Summary of Logistic regression
Transcript for Logistic regression
Logistic regression is a type of statistical method that’s used to describe the relationship between an outcome variable and one or more exposure variables.
In logistic regression, the outcome variable is always categorical, and the exposure variables can be either categorical or quantitative.
For example, let’s say you want to figure out if smoking more cigarettes increases the chance of having a heart attack. In this case, the number of cigarettes is a quantitative exposure and whether or not a person has a heart attack is a categorical outcome.
Now, to figure this out, you might ask 200 people how many cigarettes they smoke in a day, and then follow that group of people for five years and see who has a heart attack and who doesn’t.
You could organize your data in a table like this—where the first column, or variable, is the number of cigarettes a person smokes, the second column is if they had a heart attack or not, and the rest of the columns are other characteristics, or variables, that you collected about each person, like their age, sex, and body mass index, or BMI.
Usually, for binary variables, like yes or no, we use the numbers zero and 1 to represent the two possible answers.
So, for the heart attack variable, we might say that zero represents “no” and 1 represents “yes”. We could do the same thing for sex, where zero represents females and 1 represents males.
Now, let’s just look at the first two variables, so how many cigarettes they smoke and if they had a heart attack or not.
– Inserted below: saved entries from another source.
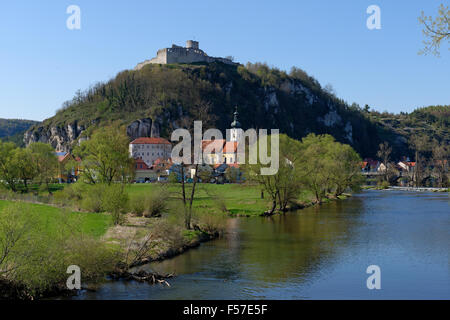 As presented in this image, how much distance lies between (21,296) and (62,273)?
6.51ft

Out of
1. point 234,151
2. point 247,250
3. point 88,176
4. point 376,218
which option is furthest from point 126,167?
point 234,151

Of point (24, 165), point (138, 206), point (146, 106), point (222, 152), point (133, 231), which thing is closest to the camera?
point (133, 231)

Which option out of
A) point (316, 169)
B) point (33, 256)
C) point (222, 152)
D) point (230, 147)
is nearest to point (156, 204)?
point (33, 256)

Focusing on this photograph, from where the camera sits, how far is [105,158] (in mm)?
48062

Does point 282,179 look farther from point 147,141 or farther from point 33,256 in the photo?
point 147,141

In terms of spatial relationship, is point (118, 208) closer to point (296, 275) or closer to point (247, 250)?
point (247, 250)

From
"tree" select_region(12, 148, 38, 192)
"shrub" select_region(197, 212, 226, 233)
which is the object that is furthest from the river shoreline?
"tree" select_region(12, 148, 38, 192)

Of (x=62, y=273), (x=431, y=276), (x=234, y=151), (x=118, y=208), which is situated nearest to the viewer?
(x=62, y=273)

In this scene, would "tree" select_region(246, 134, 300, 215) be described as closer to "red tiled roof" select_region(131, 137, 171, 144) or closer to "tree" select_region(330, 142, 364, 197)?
"tree" select_region(330, 142, 364, 197)

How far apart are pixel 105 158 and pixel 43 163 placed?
2883 cm

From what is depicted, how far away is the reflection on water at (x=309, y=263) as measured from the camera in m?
21.9

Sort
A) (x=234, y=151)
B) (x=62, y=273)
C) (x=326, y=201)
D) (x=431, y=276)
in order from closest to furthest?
(x=62, y=273) → (x=431, y=276) → (x=326, y=201) → (x=234, y=151)

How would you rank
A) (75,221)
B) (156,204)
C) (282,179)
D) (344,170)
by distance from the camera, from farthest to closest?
(344,170) → (282,179) → (156,204) → (75,221)

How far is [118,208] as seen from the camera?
34.4 metres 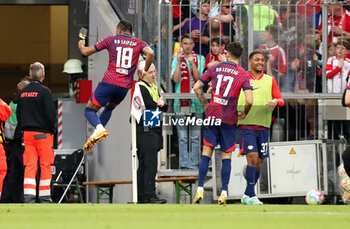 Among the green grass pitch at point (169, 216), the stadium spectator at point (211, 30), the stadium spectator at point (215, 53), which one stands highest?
the stadium spectator at point (211, 30)

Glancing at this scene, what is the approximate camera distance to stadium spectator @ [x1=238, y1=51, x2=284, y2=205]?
14477 mm

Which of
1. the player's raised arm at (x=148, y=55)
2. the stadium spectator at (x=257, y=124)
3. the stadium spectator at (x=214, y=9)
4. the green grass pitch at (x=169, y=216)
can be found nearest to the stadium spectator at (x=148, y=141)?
the player's raised arm at (x=148, y=55)

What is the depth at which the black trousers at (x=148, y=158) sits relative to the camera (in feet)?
48.9

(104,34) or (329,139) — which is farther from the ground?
(104,34)

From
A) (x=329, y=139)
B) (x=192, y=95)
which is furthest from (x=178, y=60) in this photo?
(x=329, y=139)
You could plot these measurements, or data points, on a scatterplot, with the number of cigarettes on the x-axis, and heart attack on the y-axis, and where each data point represents one individual.
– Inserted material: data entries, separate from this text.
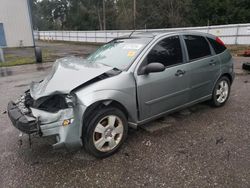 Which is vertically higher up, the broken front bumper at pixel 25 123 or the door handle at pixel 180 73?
the door handle at pixel 180 73

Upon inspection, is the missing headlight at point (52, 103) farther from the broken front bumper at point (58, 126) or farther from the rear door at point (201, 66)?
the rear door at point (201, 66)

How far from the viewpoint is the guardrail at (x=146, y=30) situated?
14.9 meters

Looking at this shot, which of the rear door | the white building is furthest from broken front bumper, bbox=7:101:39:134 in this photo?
the white building

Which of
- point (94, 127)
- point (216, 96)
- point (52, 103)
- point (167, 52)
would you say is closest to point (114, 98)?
point (94, 127)

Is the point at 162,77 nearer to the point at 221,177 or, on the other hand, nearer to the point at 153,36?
the point at 153,36

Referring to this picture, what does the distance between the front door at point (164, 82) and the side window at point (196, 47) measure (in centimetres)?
23

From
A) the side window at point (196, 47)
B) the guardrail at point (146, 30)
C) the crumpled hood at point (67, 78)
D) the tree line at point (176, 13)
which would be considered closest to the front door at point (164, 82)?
the side window at point (196, 47)

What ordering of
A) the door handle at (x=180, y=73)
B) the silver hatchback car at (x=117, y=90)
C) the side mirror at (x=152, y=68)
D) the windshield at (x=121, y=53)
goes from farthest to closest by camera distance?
the door handle at (x=180, y=73)
the windshield at (x=121, y=53)
the side mirror at (x=152, y=68)
the silver hatchback car at (x=117, y=90)

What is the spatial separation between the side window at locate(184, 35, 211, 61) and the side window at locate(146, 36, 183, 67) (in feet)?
0.79

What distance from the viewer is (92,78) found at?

This scatterplot might seem a little funny looking, and that’s because all of the data points are clustered on two points on the y-axis—they’re either on the zero, which represents no, or the 1, which represents yes.
This scatterplot can help us figure out how the odds of having a heart attack changes for people as they smoke more and more cigarettes.
And that’s the goal of logistic regression.
Now, in statistics, probability and odds are often confused with one another, so let’s break down the difference.
The probability is the number of times an outcome happened divided by the number of times the outcome could have happened, and it’s often represented by a capital P.
So, using our data, we could figure out the probability of having a heart attack for each number of cigarettes smoked per day.
Let’s say the range for the number of cigarettes smoked is between zero and 19, so we can break up the scatterplot up into 20 different sections - and it’s 20 sections instead of just 19 because zero is also a section.
Now, to find the probability of having a heart attack in a specific section, we count up the number of people who had heart attacks in that section and divide it by the total number of people in that section.
As an example, let’s say there are 10 people in the 15-cigarette section - or in other words, there are 10 people in the study that smoke 15 cigarettes per day - and of those 10 people, 6 people had heart attacks. So, the probability of having a heart attack for people that smoke 15 cigarettes per day is 6 over 10, or 60%.
Now let’s switch gears and talk about odds. Odds compare the probability of an outcome occurring with the probability of an outcome not occurring, so the equation for odds is P divided by 1 minus P.
So, in our example, we’d use the probability of having a heart attack - which is 60%, or 0.6 - compared with the probability of not having a heart attack, which is 1 minus 0.6, or 0.4. If we divide both sides by 0.4 we get 1.5 compared to 1.
To make it easier to interpret, let’s multiply both sides by two, so we get a 3 to 2 ratio. In other words, out of all the people that smoke 15 cigarettes per day, there are 3 people that have heart attacks for every 2 people that don’t have heart attacks.
Okay, coming back to the scatterplot... typically, in linear regression, a linear trend line is drawn to represent the pattern of data points on the plot, and that line is represented by the equation: y-hat equals b0 plus b1x1, where y-hat is the estimated value for the outcome variable; x1 is the value of the exposure variable; b0 represents the y-intercept; and b1 represents the slope of the line.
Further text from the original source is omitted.